■ Task: Print exactly what the entries say, line by line, from the first line down to the one with "manhtee's tweet photo. HernMarcHern 🌹🎱🌹", inclusive.

■ Records for this task:
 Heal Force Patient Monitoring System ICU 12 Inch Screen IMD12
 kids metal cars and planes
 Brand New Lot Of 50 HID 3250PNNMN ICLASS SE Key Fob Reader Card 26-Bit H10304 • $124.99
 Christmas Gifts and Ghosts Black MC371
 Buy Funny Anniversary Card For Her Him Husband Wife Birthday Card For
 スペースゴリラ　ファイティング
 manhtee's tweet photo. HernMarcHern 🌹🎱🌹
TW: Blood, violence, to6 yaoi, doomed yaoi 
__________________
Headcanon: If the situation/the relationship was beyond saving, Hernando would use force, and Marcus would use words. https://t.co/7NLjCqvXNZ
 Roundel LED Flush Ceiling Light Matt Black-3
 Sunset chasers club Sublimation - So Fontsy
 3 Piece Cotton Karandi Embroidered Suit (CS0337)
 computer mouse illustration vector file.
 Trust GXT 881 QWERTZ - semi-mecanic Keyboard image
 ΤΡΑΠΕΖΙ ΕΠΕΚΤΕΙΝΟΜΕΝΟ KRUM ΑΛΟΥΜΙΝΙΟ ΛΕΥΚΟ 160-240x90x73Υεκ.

■ Response:
 Heal Force Patient Monitoring System ICU 12 Inch Screen IMD12
 kids metal cars and planes
 Brand New Lot Of 50 HID 3250PNNMN ICLASS SE Key Fob Reader Card 26-Bit H10304 • $124.99
 Christmas Gifts and Ghosts Black MC371
 Buy Funny Anniversary Card For Her Him Husband Wife Birthday Card For
 スペースゴリラ　ファイティング
 manhtee's tweet photo. HernMarcHern 🌹🎱🌹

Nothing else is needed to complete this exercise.